His skin rashes and asthma symptoms had gotten worse and disappeared on his days off, so he finally sought medical help.
Bassett sent him to an occupational dermatologist to pinpoint the substances that were provoking his skin problems.
"Patch testing is what we do," said Avram, who did not see this particular patient. Small amounts of allergens are placed on the person's back, then examined a couple of days later to see which substances produce a rash or skin reaction consistent with the patient's initial symptoms, he said.
"Sometimes, it's difficult to find out exactly what the culprit is," he admitted.
Once the salon owner's irritants were identified, he was advised to replace some of the products the shop used. In addition, he was told to wear a protective mask around the triggers. But sometimes, stylists and manicurists feel odd about wearing a mask at work for fear it might scare away their clients.
"An allergist is good at developing strategies to evaluate and investigate a case, but we also need a patient's help," said Bassett.
When possible, he suggested, bring along some of the products you suspect you might be sensitive to.
For 20 years, Kathy Sperrazza was a nurse in a Boston teaching hospital. During the early 1990s, many health care facilities, including the one where she worked, instituted universal precautions to protect medical personnel from infections such as HIV and hepatitis B when they came in contact with patients' blood and body fluids.
"We were using many more latex gloves, and there were lots of chemicals in those gloves," explained Sperrazza. And "we were also spraying more cleaning solutions that left a cloud of chemicals."
She recalled that "many of the nurses, especially the ones who worked in the operating rooms or in the intensive care units -- areas that required lots of regular cleaning and frequent glove use -- were developing rashes and their hands looked like raw meat."
Although she had reactions to wearing latex gloves, her test for latex allergy came back negative.
But all around Sperrazza, employees continued getting sick. Struggling to stay in this environment despite the toll it was taking on their health, many doctors and nurses were carrying around inhalers and popping antihistamines.
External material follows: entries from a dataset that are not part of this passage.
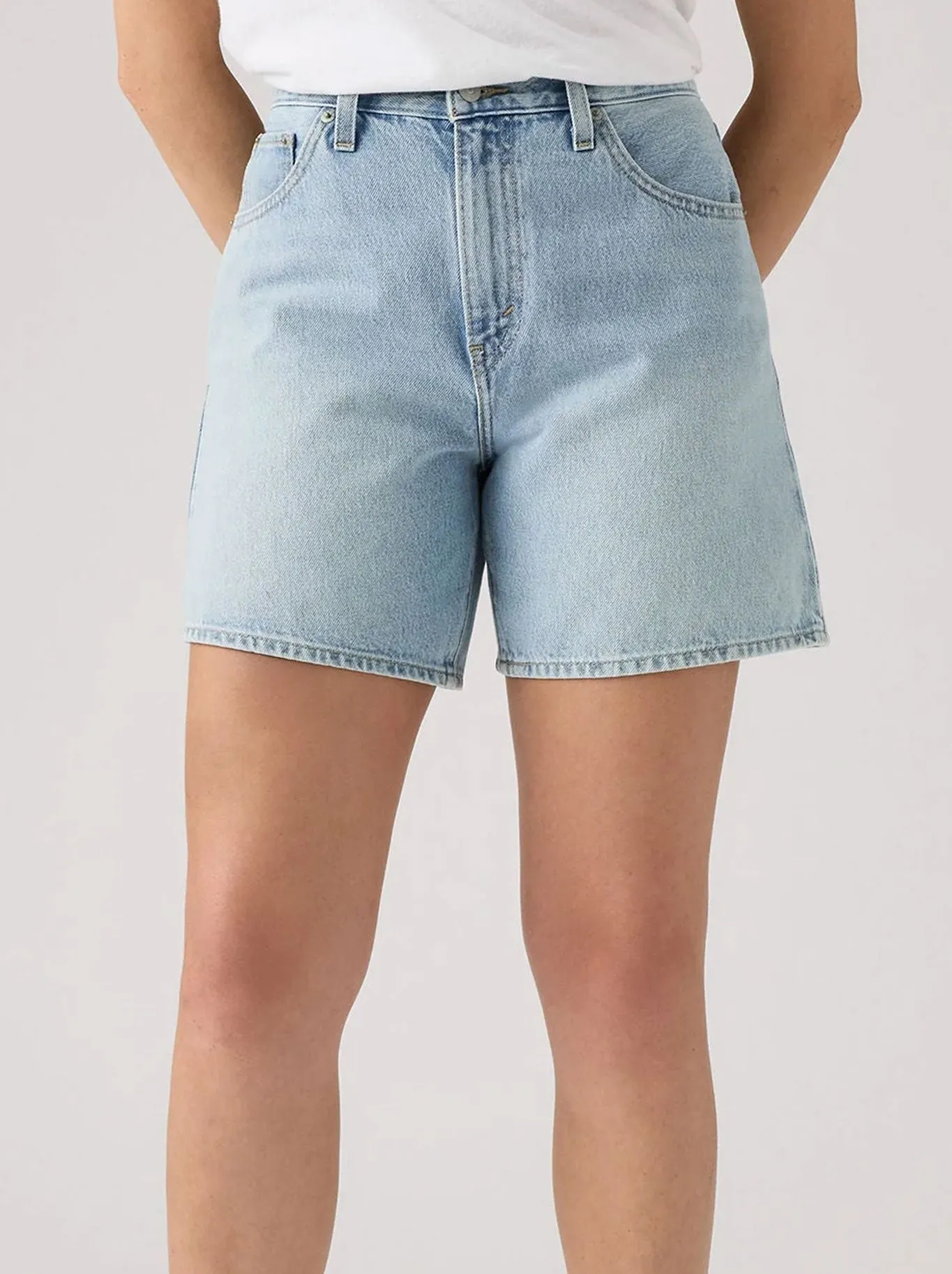 LEVI'S HIGH RISE BAGGY SHORTS sold by Yeltuor
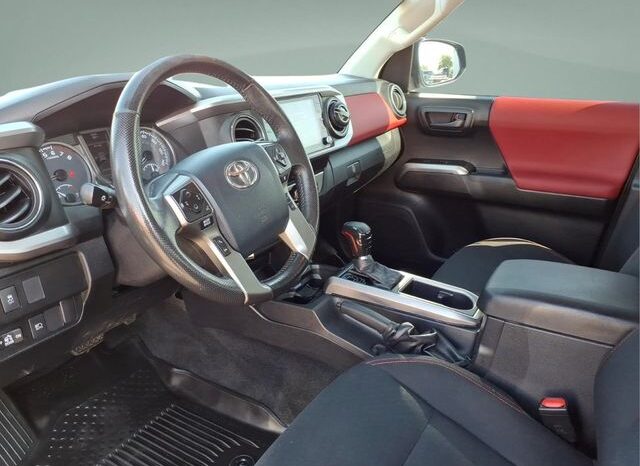 
 Toyota Tacoma full									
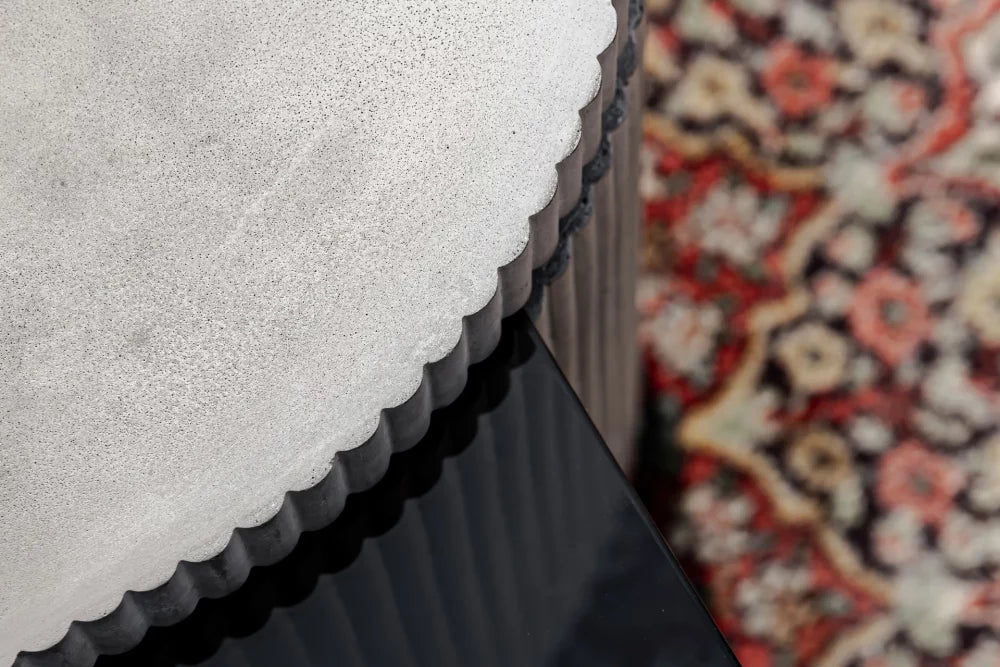 Table basse en béton Strut carrée gris en situation 9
At first, she would just get headaches while at the hospital. If she worked several days in a row, though, her symptoms went far beyond headaches. She also had chest tightness, wheezing, difficulty breathing and nausea.
Many cleaning agents cause lots of irritation -- headaches, irritated eyes and nose -- and it's usually based on exposure, said Pacheco. "But they usually don't cause long-lasting problems."
Sperrazza eventually reached the point where "I didn't feel well in my own house," and she was getting worse and worse each day. So she took time off.
"I thought I would be back to work in a week, but I was never able to go back," she said.
She went from doctor to doctor -- an occupational medicine physician, a pulmonologist -- and they diagnosed her with occupational asthma as a result of her workplace exposure. But the chemicals seemed to do more than affect her lungs, they also affected her immune system and nervous system.
Only years later would she learn that she had developed multiple chemical sensitivity.